- Opening Delimiter -
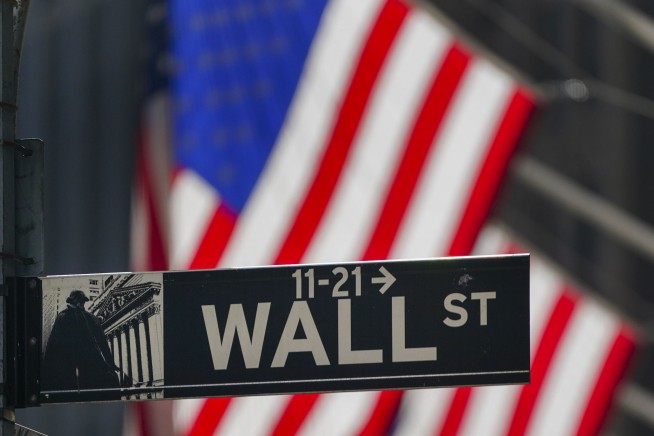 Stocks fall on Wall Street as coronavirus spreads in Europe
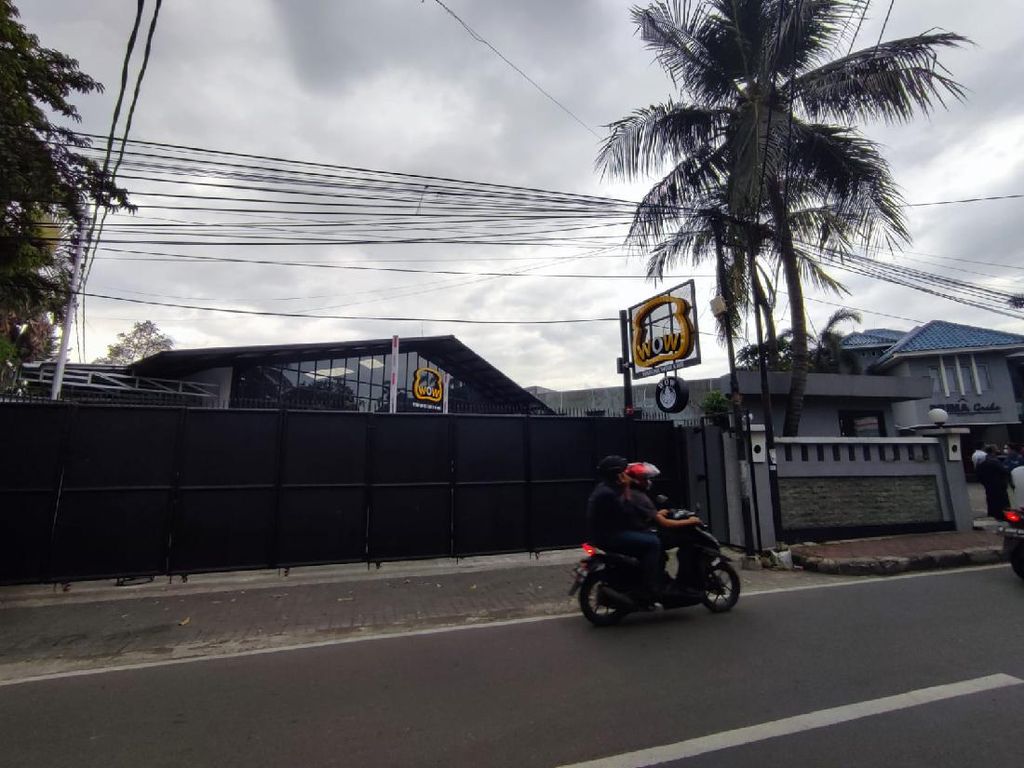 Pemilik Kafe Wow Lapor Polisi Terkait Viral Pria Pangku-pangkuan
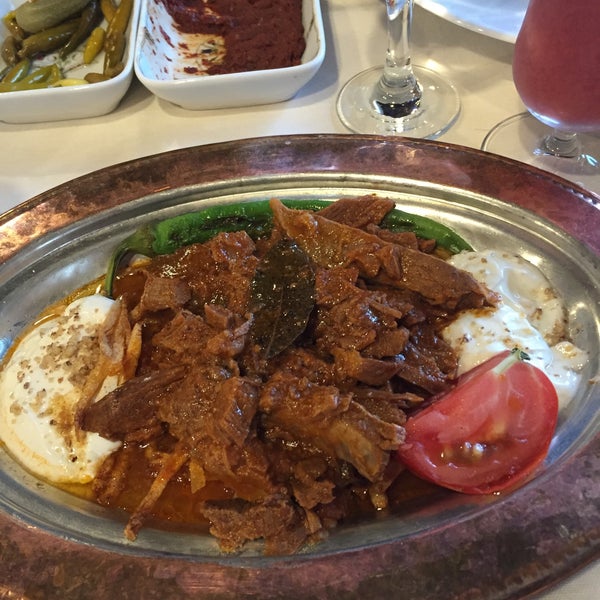 Das Foto wurde bei Bursa Evi İskender Restaurant von gülden am 7/30/2016 aufgenommen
- Closing Delimiter -
* **Task prompt**: For this task, give the full listing again verbatim and keep out every picture.

* **Response area**:
 Stocks fall on Wall Street as coronavirus spreads in Europe
 Pemilik Kafe Wow Lapor Polisi Terkait Viral Pria Pangku-pangkuan
 Das Foto wurde bei Bursa Evi İskender Restaurant von gülden am 7/30/2016 aufgenommen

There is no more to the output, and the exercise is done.